THE NIGHTMARES OF FINDING STUDENT ACCOMMODATION
By: Nokwazi Qumbisa
With the semester ending, students are getting ready to go home, some are still hopping from one flat to the other.
Type on Google for ‘student accommodation in Durban’ and the amount of houses that you’re flooded with make you get amped with excitement, as you feel as that your new ‘home’ could be any of the flats here.
But all that is half lived, you first get disappointed by where these flat are situated, then comes the prices and last but certainly not least comes the actual flat. With a budget of just R1300, all of a sudden finding the place you had already envisioned seems far too ridiculous.
So you look for the cheapest place, that just by campus, but as Nikiwe knows, cheapest places might help you save a few hundreds rands but that certainly doesn’t include safety nor does that guarantee that you’ll have your own room.
“The last place where I stayed, we shared a room with 8 other students. And just before you think that’s bad, some students had to share a room with 12 other students. All were sleeping on a bunk bed, with no privacy what so ever.
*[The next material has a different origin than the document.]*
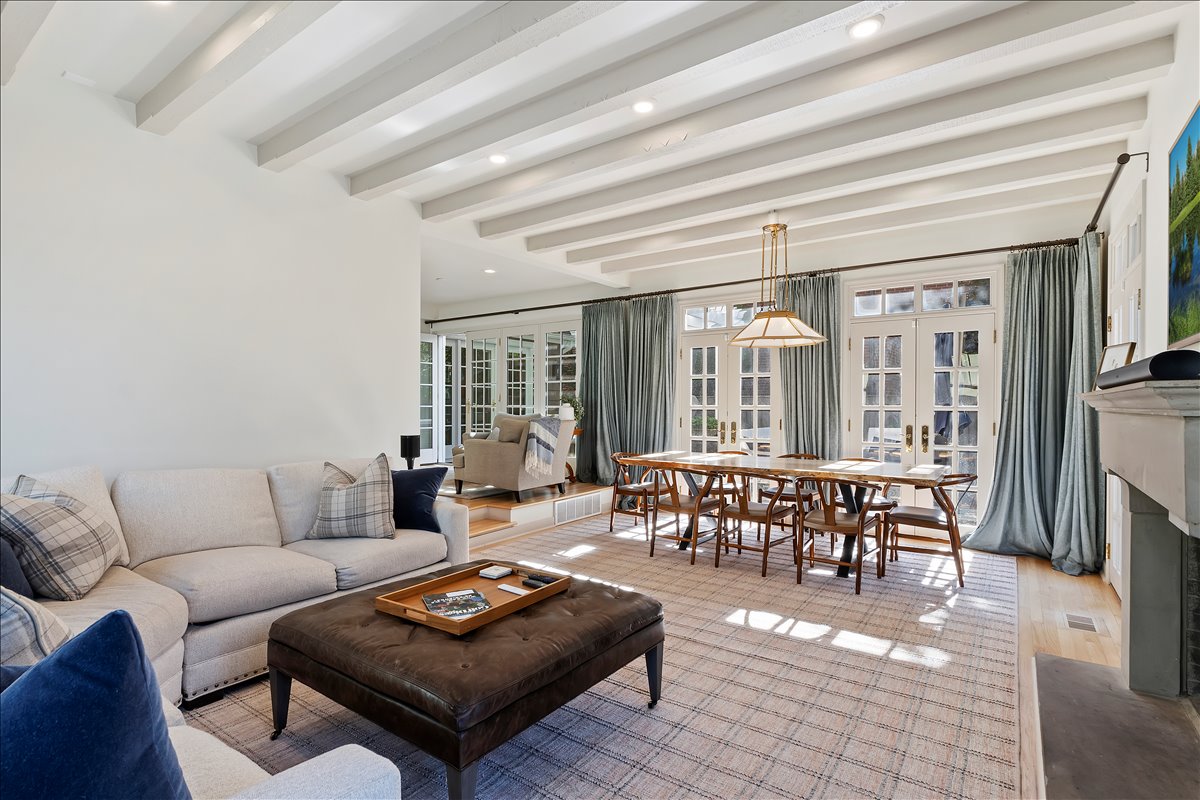 Spacious living area featuring white exposed ceiling beams, recessed lighting, and light wood-finish flooring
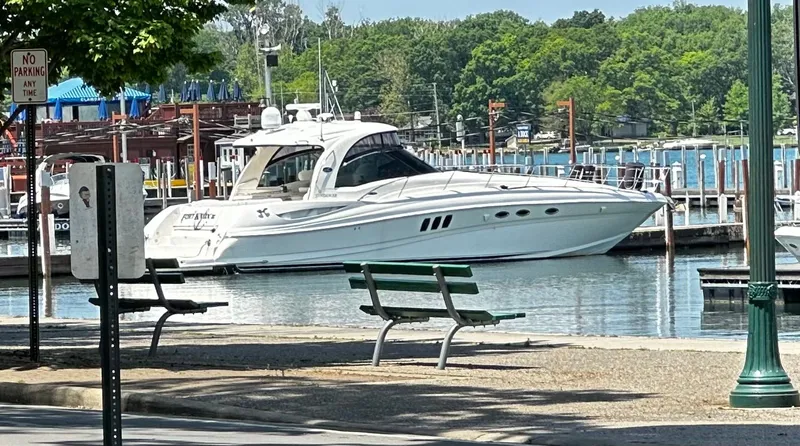 Slide: The Image of 2006 Sea Ray 52 Sundancer docked at marina, surrounded by trees. - 6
When you thought things couldn’t get any worse, boys could just walk into the room while you’re getting dressed. All you had to depend on was on which security would be on guard, as some security guards were stricter than others. ” she said
In other cases, students are forced to sleep in the same bed with strangers and live in the most horrid places ever. That was the case for Nana Ndlovu from Empangeni who is studying Land Surveying at Mangosuthu University of Technology. She also had to find herself a place to stay since she wasn’t able to secure a place at her institution’s student accommodation.
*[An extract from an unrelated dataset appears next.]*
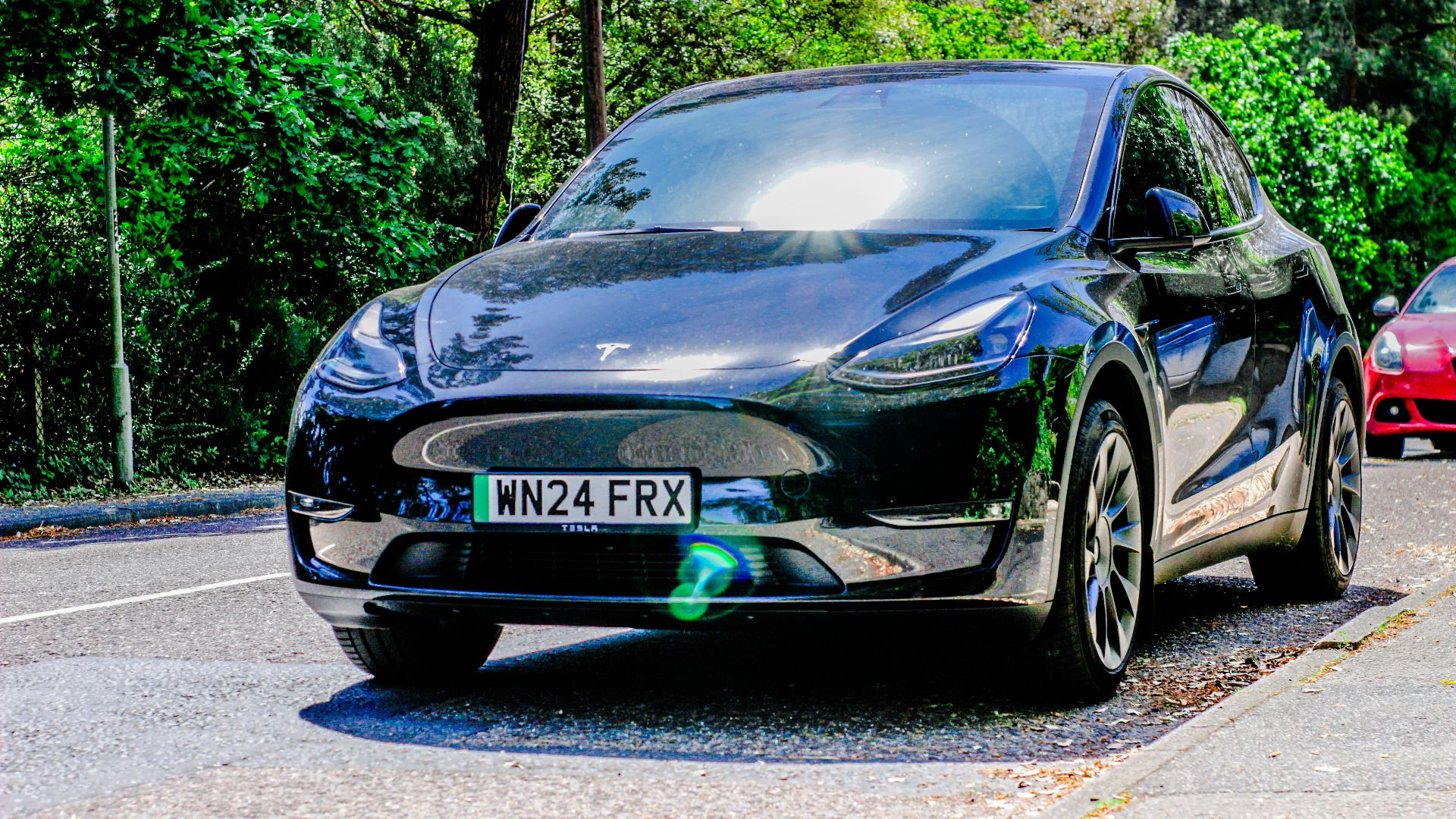 Two cars are parked on the side of the road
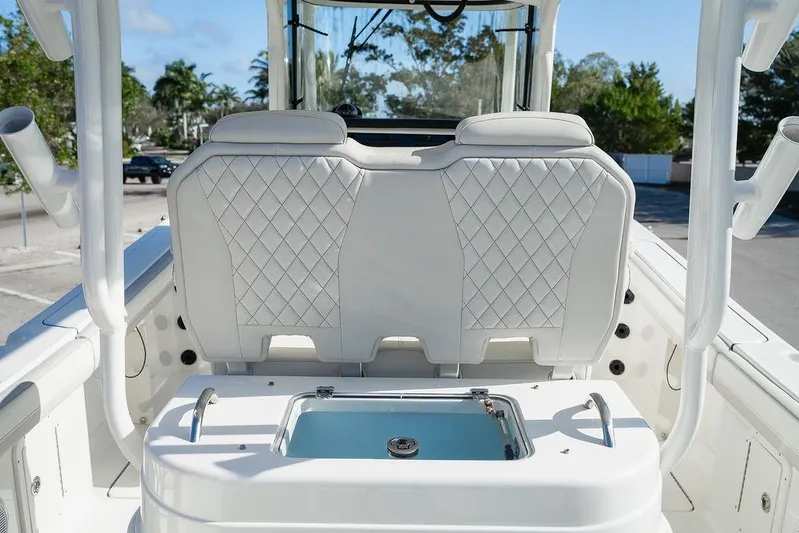  Yacht Photos Pics 2024 World Cat 295 CC boat interior with diamond-stitched seating and livewell.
“Not being able to find a res was horrible . I struggled to find a place to stay. Eventually in the place I found, I had to stay with 6 other students. And by that I mean we had to share a double bed. It was so different from what I was used to, being a 1st year and all,” said Ndlovu.
“As a result having moved to that place, which was only R350 and very close to my campus, the problem which they encountered was the fact that the room was already infested with rats and they didn’t have a toilet of their own so they had to share a toilet with others” she added.
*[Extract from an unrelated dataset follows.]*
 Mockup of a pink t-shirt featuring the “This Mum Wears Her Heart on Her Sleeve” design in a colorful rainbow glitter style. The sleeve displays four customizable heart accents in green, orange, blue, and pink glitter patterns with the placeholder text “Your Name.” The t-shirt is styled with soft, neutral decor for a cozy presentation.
“The place was infested with rats, I had to use a toilet that other community members.We ended up having to stop cooking as we were feeding the rats. They wouldn’t get to eat that very food. The area wasn’t safe and we’d worry about their clothes being stolen” she said.
Ayabonga Johannes, from the Eastern Cape also had the same problem. She regards her’s as worse. She struggled to find a place to stay but eventually found one by St George’s. “Well the place itself is very dangerous and busy at all times. The many clubs there were a distraction. The flat was R850 and it was the only flat I could find at the time for that price. Four shared a room and it was fairly safe. I only stayed there from Feb to March,” Johannes.